For best portability, a shared manifest should also include the Shelby owner account:

```json
{
  "shelby_account": "0x..."
}
```

If the manifest does not include `shelby_account`, the Reconstruct page lets the user enter it manually.

For PyTorch users, the owner account matters because Shelby blob URLs are resolved from:

```text
shelby_account + blob_name
```

So a manifest with `blob_name` but no owner account is not fully self-contained. It can still work, but the user must know which account owns the blobs.

## PyTorch Usage

```python
from shelbytrain import load_dataset, ShelbyHTTPClient
from torch.utils.data import DataLoader

client = ShelbyHTTPClient(
    account="0x...",      # Shelby/Aptos account that owns the blobs
    api_key="...",        # Shelby API key
)

dataset = load_dataset("manifest.uploaded.json", client=client)
loader = DataLoader(dataset, batch_size=32, shuffle=True)

for inputs, labels in loader:
    outputs = model(inputs)
    loss = criterion(outputs, labels)
    loss.backward()
    optimizer.step()
```

On the first run, ShelbyTrain downloads shards from Shelby. After that, it uses the local cache.

## Creating Local Shards

Image datasets should be arranged like this:

```text
dataset/
  images/
    sample-001.png
    sample-002.png
  labels.csv
```

`labels.csv` should contain:

```csv
filename,label
sample-001.png,0
sample-002.png,1
```

Then create shards:

```python
from shelbytrain import create_image_shards

manifest = create_image_shards(
    dataset_dir="dataset",
    output_dir="data/my_dataset",
    shard_size=1000,
    dataset_name="my-dataset",
)
```

For text datasets, use JSONL:

```json
{"text": "hello world", "label": 0}
{"text": "another sample", "label": 1}
```

The generated `manifest.json` describes local shards. After upload, `manifest.uploaded.json` should include Shelby `blob_name` values for each shard.

## Reconstructing From A Sent Manifest

Use the app’s **Reconstruct** page.

1. Upload `manifest.uploaded.json`.
2. Enter the Shelby owner account if the manifest does not include it.
3. Click **Reconstruct data**.
4. ShelbyTrain downloads the shards from Shelby and returns the reconstructed file.

Current reconstruct outputs:

| Manifest format | Downloaded output |
| --- | --- |
| `text-jsonl` | `.txt` |
| `image-tar` | `.tar.gz` |
| `parquet` | `.parquet` |

## Project Status

ShelbyTrain is an experimental dataset pipeline.

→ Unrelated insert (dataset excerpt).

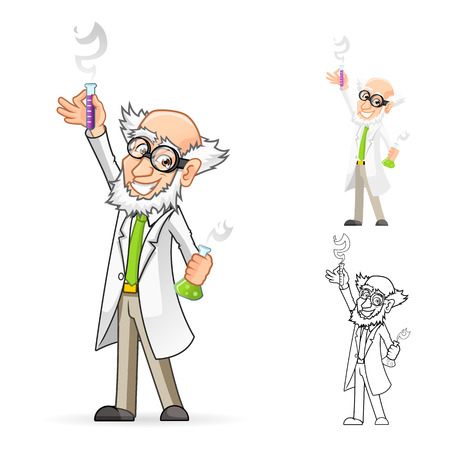High Quality Scientist Cartoon Character Holding a Beaker and Test Tube with One Hand Raised and Feeling Great Include Flat Design and Line Art Versionのイラスト素材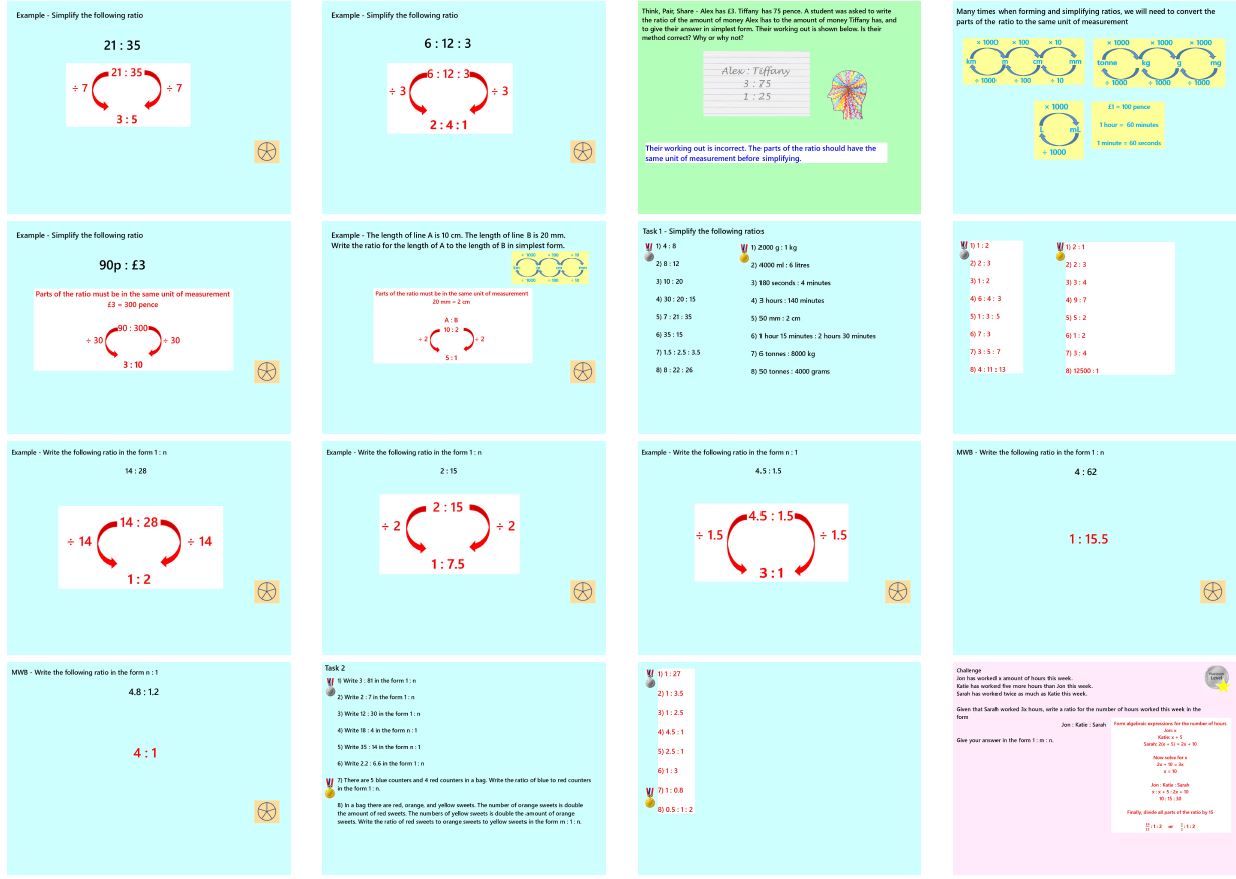 Writing and simplifying ratios maths gcse foundation powerpoint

The current focus is proving a practical decentralized workflow for AI data:

- user-owned upload,
- portable manifests,
- PyTorch loading,
- caching,
- benchmarking,
- and reconstruction.

Future improvements could include original-file preservation for PDFs/DOCX, richer label editing, manifest signing, public dataset pages, and a smoother manifest-first PyTorch API.